I chose Greenheart Travel's Teach in a Homestay Program because I was specifically looking to combine my two passions: teaching and traveling. As a teacher, I am always looking for opportunities to travel during my summers off. After a week of researching, I found Greenheart and was very interested in spending my summer in Spain. The cultural exchange aspect of the program appealed to me the most. In exchange for 15 hours of English lessons, my host family would provide meals and a room for me to stay in. This program was the perfect fit for me and my time frame.
Alumni Spotlight: Christine Uribe
Christine is a Texas educator, traveler, and blogger. She graduated from the University of Texas at Arlington in 2013 and currently teaches in Texas. When Christine is not teaching, she is planning her next trip or writing on her blog, Grateful Gadabout.
Why did you choose this program?
What did your program provider (or university) assist you with, and what did you have to organize on your own?
Greenheart Travel provided me with an ample amount of support. My program manager was incredibly helpful and answered all my questions. I was given access to lesson plans and an online community of alumni and newcomers. On my end, I had to make sure to communicate with my host family. The more I communicated with my host mom, the more I knew what to expect and what my family was expecting of me. In addition to this, I had to make sure I booked my flights.
What is one piece of advice you'd give to someone going on your program?
Living with and getting to know a family is such a rewarding experience, but it also can present its challenges. Everyone's living habits, schedule and diet are different. Don't be afraid to ask questions and make sure to know what your family's expectations are for you. This will make your time with your family go much smoother.
Communication is the KEY!
What does an average day/week look like as a participant of this program?
It varies from family to family which is why I feel it's important to be flexible and open-minded. The expectation my host mom had for me was to converse with her two daughters as much as possible; she wanted them to solely focus on English conversation. Again, it varies from family to family.
Going into your experience abroad, what was your biggest fear, and how did you overcome it? How did your views on the issue change?
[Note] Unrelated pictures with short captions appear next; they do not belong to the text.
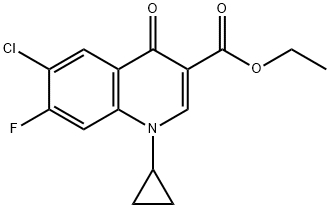 Ciprofloxacin Impurity 19 Struktur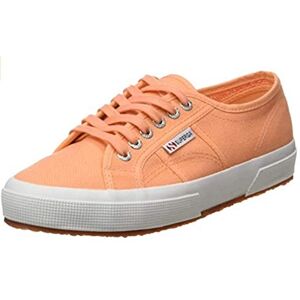 Superga Mixte 2750 Cotu Classic Sneaker Basse, Orange Melon, 47 EU - Publicité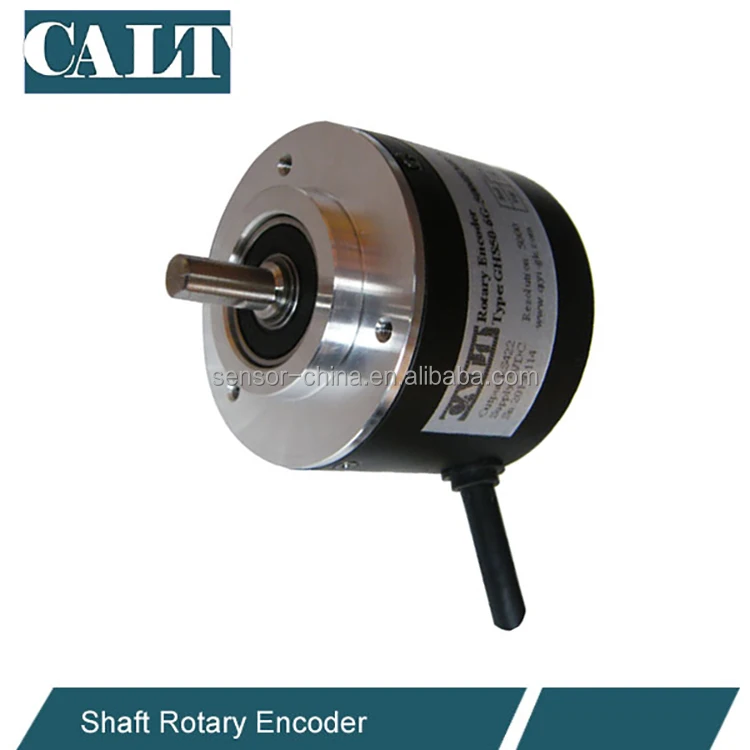 CALT 8mm Line Driver DC5v 5000pulse Incremental Rotary Encoder S48-8-5000VL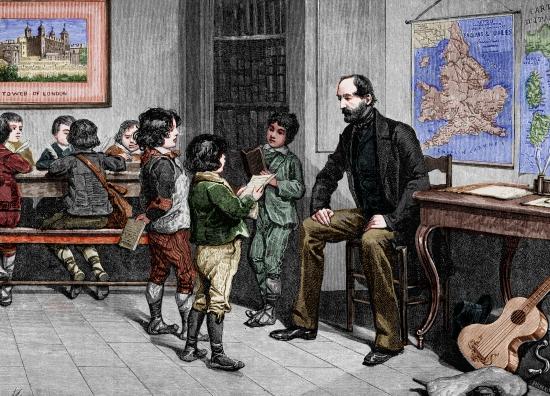 La scuola di Mazzini per i bambini (Miniatura 219x157 px)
I think my biggest fear was that of the unknown. This experience was my first solo trip and the longest time I was going to be away from my family and friends. I wasn't sure if I could do it, if I'd get homesick, or if I'd be lonely. I wasn't sure if I'd get along with my host family or if I'd simply be able to navigate my way in a new city on the other side of the world. What helped me overcome this fear was learning to change my mindset and focus on taking each day, one at a time. It wasn't easy at first, but slowly I learned to appreciate each day as it came. Creating a list of goals and activities for each day helped me to direct my focus as well.